Since the 70s, glaciologists have been researching the source of ‘rivers’ of ice that flow hundreds of miles from the West Antarctic ice sheet into the sea, transporting the continent’s accumulated snow cover into the ocean.

The ice streams appeared to start from a near standstill but flow hundreds of feet per year faster than the surrounding ice sheet.

The point where ice streams begin to flow rapidly is marked by deep crevasses in the ice between the fast flowing ice streams and the slower moving ice sheet. But upstream, there isn’t anything on the surface to tip scientists off to where the ice streams are coming from.

Now, using data taken by the Canadian Radarsat satellite in 1997 during NASA and the Canadian Space Agency’s Antarctic Mapping Mission, researchers have discovered that the rivers of ice were actually the product of smaller tributaries flowing from further in the continent’s interior.

“We have to understand the ice streams in order to predict the future and to know what their contribution will be to sea level change,” said Dr. Robert Bindschadler, a NASA Goddard Space Flight Center glaciologist, adding that if the entire West Antarctic ice sheet were to flow into the ocean, global sea level could rise as much as 20 feet (6m).

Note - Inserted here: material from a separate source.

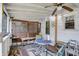 Enclosed patio features white siding, indoor/outdoor carpet, and a dining area at 2029 N Colorado Ave, Indianapolis, IN 46218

The tributaries are well-defined regions of flowing ice that are feeding the ice streams, the research shows. But the tributaries flow more slowly than the larger ice streams and therefore aren’t marked by gaping crevasses along their borders.

The researchers have discovered that tributaries flow within valleys on the continent’s surface. Ice funnelled into the valleys becomes thicker than the surrounding ice, causing the base to become warmer and flow more easily. Then, two or more tributaries join and feed into the larger and faster-flowing ice streams, quickly moving the continent’s accumulated ice to sea.